§ DATASET CONTENT
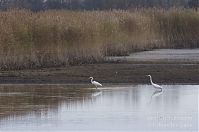 Vogel-Silberreiher-20121104-164.jpg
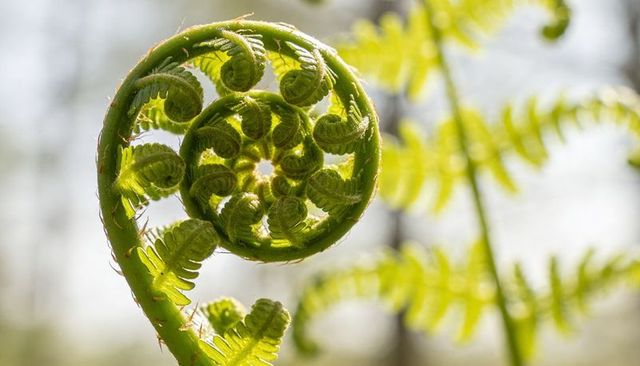 Unfurling fern fiddlehead revealing spiral pattern and backlit translucent green fronds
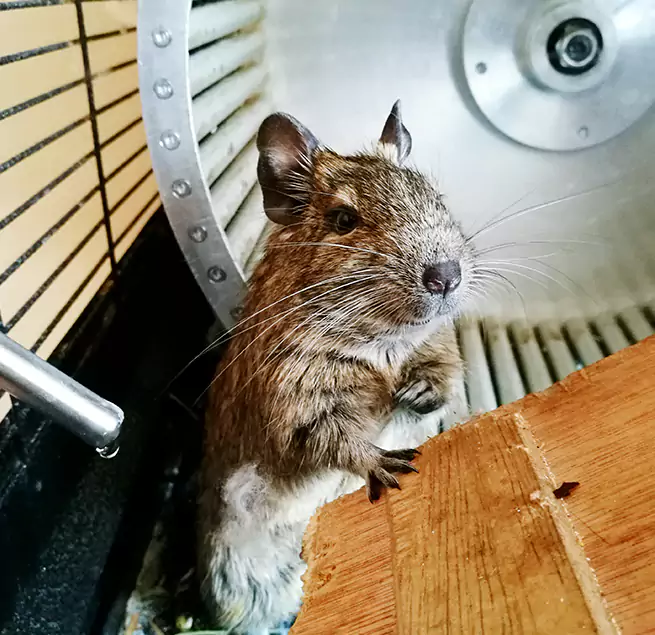 Why Homeowners & Businesses Trust Us Cleveland, TN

§ EXERCISE DIRECTIONS
Reproduce all the data as it stands. The pictures are not part of the copy.

§ EXERCISE OUTPUT
 Vogel-Silberreiher-20121104-164.jpg
 Unfurling fern fiddlehead revealing spiral pattern and backlit translucent green fronds
 Why Homeowners & Businesses Trust Us Cleveland, TN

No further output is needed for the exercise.